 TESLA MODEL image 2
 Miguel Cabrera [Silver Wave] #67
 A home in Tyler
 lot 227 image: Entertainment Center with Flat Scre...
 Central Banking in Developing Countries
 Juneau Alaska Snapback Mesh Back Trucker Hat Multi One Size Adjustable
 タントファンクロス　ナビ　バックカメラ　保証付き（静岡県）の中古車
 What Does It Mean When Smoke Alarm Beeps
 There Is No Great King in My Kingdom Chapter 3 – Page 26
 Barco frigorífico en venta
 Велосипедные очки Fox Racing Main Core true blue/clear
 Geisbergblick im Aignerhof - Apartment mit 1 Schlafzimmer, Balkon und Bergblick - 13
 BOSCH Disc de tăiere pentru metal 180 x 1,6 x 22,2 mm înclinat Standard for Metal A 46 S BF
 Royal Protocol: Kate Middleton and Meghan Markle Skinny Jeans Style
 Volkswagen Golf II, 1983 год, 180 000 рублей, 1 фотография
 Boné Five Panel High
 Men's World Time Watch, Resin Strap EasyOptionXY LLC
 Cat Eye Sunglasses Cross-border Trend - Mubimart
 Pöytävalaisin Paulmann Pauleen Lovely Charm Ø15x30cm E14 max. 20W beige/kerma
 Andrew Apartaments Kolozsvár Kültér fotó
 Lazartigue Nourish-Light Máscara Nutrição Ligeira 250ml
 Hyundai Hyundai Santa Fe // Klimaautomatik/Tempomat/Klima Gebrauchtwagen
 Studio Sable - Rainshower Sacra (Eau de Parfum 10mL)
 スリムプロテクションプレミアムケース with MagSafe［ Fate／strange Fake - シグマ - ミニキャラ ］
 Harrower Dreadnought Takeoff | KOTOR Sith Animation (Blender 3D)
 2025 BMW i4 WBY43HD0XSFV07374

### WHAT THE TASK REQUIRES
The required output is the exact run of lines from the beginning of the listing above to the line that contains "Juneau Alaska Snapback", inclusive of both.

### RESULT OF THE TASK
 TESLA MODEL image 2
 Miguel Cabrera [Silver Wave] #67
 A home in Tyler
 lot 227 image: Entertainment Center with Flat Scre...
 Central Banking in Developing Countries
 Juneau Alaska Snapback Mesh Back Trucker Hat Multi One Size Adjustable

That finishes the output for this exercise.